*An extract from Cities of the Dead. Published 2017.

A couple of days back, I found that I almost had enough material to look at publishing a second volume of Cities of the Dead (although, given the original is now out of print, I may combine the original book with the new material in a 'Directors Cut' sort of affair - file that thought under 'pending').

For a little background, a few years ago - 2017 perhaps - I wrote an article about a trip I took to visit Jim Morrisons grave in Paris. As luck would have it, at the time, I was being sent around the world covering tattoo shows, so I wrote about those trips too. In my time off from actually working (not that covering tattoo shows was ever work), I took to the streets of the cities I was in and simply wandered until I was lost. After I'd written a few of these pieces, it became apparent a theme was developing... I was looking for The Dead and trying to figure out what people had left behind that made a lasting impression on the place.

Whether I actually achieved that is for readers to decide not me, but it was fun and prompted a writer friend of mine to describe the book as Hard Boiled Travel Writing which sat with me very well indeed. 

Being as I'm building a whole new home/site at this new place, I figured I'd post one of my favourite extracts from Cities of the Dead here for no other reason than because I can:


Falling in love can be so very hard on the knees. When you fall for a city however, you can be looking down the barrel of a lifetime of surgery to put yourself back on the road. I didn’t fall for it at first sight. I had enough respect for myself to wait for the cab ride from the airport to be over, but I still can’t get my fingers inside the noose that it threw around my neck the second I slammed the door behind me.
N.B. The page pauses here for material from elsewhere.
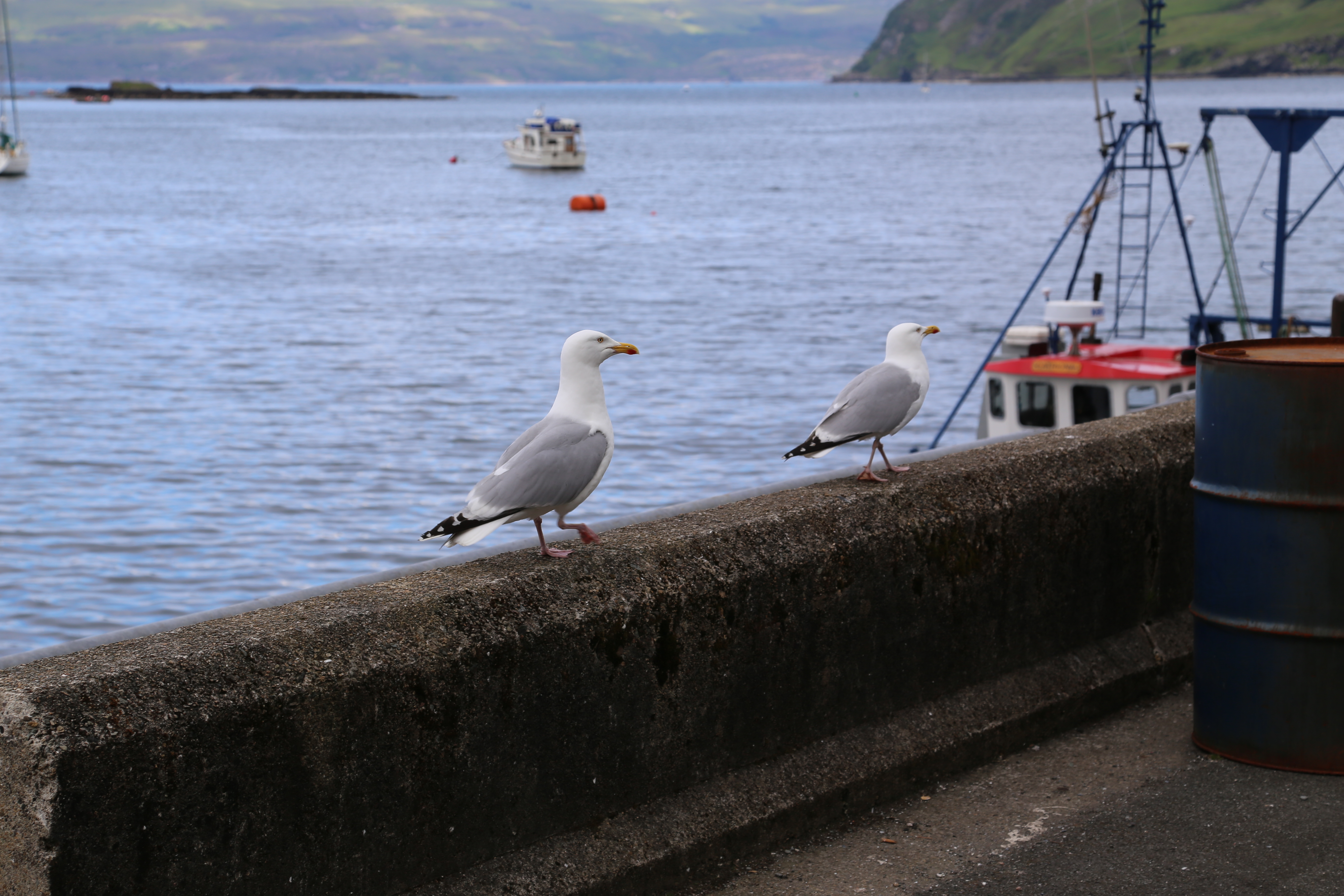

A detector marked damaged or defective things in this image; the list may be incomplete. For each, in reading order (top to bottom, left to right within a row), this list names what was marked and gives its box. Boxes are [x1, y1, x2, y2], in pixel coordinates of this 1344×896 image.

Inspired by the multitude of Scandinavian crime thrillers I’ve been driving myself through in recent years, Copenhagen is my first city in this neck of the woods and as I’ve already indicated, I love it. I may say it again a few more times before we are through. It has to be said however that I didn’t reckon on this wind that’s blowing directly in from the North Pole. I have to break my own ‘travel light’ rules immediately to find a shop that will furnish me with a scarf, gloves and a hat. I know this is the right decision because on the canal next to my hotel, there are ice blocks the size of small cars floating by. Closer inspection will likely reveal them to contain the remains of small animals from the jurassic era.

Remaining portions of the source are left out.